Along with a cast of local no-hopers and lowlife, office stationery features largely in Wasting Police Time, an entertaining and sobering account of one direct-response (ie local beat) policeman’s experience of life on the front line in ‘Newtown’, a settlement of 60,000 somewhere in the north of England.

In this account, an outgrowth from the pseudonymous PC David Copperfield’s seditious blog (http://coppersblog.blogspot.com), the ordinary policeman’s lot is not a happy one (although there is sardonic and surreal humour aplenty). However, the main hazards in his life are not violence and organised crime, but police management – proliferating bureaucracy and the ranks of internal and external auditors who seem more interested in whether targets are met and procedures complied with than catching criminals.

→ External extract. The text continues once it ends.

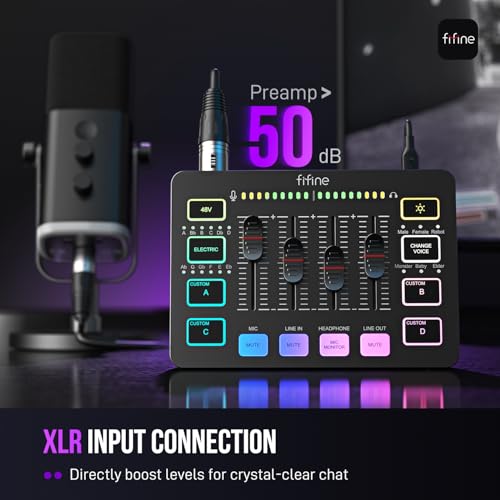 FIFINE Gaming Audio Mixer, Streaming RGB PC Mixer with XLR Microphone Interface, Individual Control, Volume Fader, Mute Button, 48V Phantom Power, for Podcast/Recording/Vocal/Game Voice-AmpliGame SC3 | USB PnP For PC,Mute Button,XLR Preamp,RGB,Voice chang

Thus, one day Copperfield finds himself the single uniformed response officer for the whole town, in a station otherwise full of office-based specialists, task forces and community support officers (‘a government idea that ensures a cheap, uniformed alternative to police officers on the street, while allowing police officers themselves to get on with writing reports, filing and stapling’) – a not very terrifying prospect for even the fairly incompetent villains of Newtown. Needless to say, staffing is scheduled by computer.

But even when he gets out on the streets, he doesn’t stay there long. As the individual officer’s margin of discretion is eroded, more and more must be recorded for subsequent audit. Just talking to a couple of loitering youths must be noted and later entered into the computer. A straightforward arrest for vandalism takes an entire shift of longhand form-filling, leaving just half an hour for ‘policing’. As Copperfield notes, the system makes the administration of crime more important than reducing or solving it. ‘Greater numbers of police are not the answer to rising crime,’ he writes. ‘There are enough policemen, it’s just that they are all sat behind desks.’

Some of what he does is strictly pointless – like interviewing witnesses for cases that have already been settled. This nonsense is the nightmare byproduct of diminishing discretion crossed with detection-rate targets. Under national crime reporting standards, every complaint, from a fight in a school playground to a murder, must be recorded as a crime. That means it has to be investigated and solved. The result is straightforward: to keep detection rates up, forces solve easy cases.

‘Detecting’ the playground scrap, which in the past would have been dealt with by a ticking off, is a simple matter of getting one party to admit to hitting the other, with the promise of no further action taken. Better: get the other party to admit a thump too, even though no charges will be brought, and that’s two detected crimes. ‘Cleverer still, what if, during their scuffle, someone’s bag got knocked on to the ground and the handle was broken? I don’t know about you, but that sounds very much like criminal damage to me. Now you’re talking! THREE detected crimes!’

Naturally, all this has unintended consequences elsewhere in the system. One casualty, as in all target regimes, is police crime figures, many of which are meaningless. But there are individual tragedies, too. As Professor Rod Morgan, chairman of the Youth Justice Board, noted on Newsnight last week, police get no points for brokering commonsense solutions, but they do for ‘bringing people to justice’. So they do, with the result that too many youngsters have criminal records for trivial offences, the system is clogged – and police officers spend time writing up cases that will never come to court or have already been filed.

Even allowing for a bit of exaggeration, the picture Copperfield paints is not reassuring. Yes, he says, people may overestimate the incidence of crime, but they overestimate far more the number of coppers on the street. In any case, why should we expect the police to be different from the rest of the public sector, where target bureaucracy and top-down management sap front-line energy in the same way? In a black aside, Copperfield remarks that rather than trust the soothing official line, he’d rather have ‘a gun and a few acres and I’ll take care of myself, if it’s all the same to you’. Maybe Bay City isn’t so far away after all.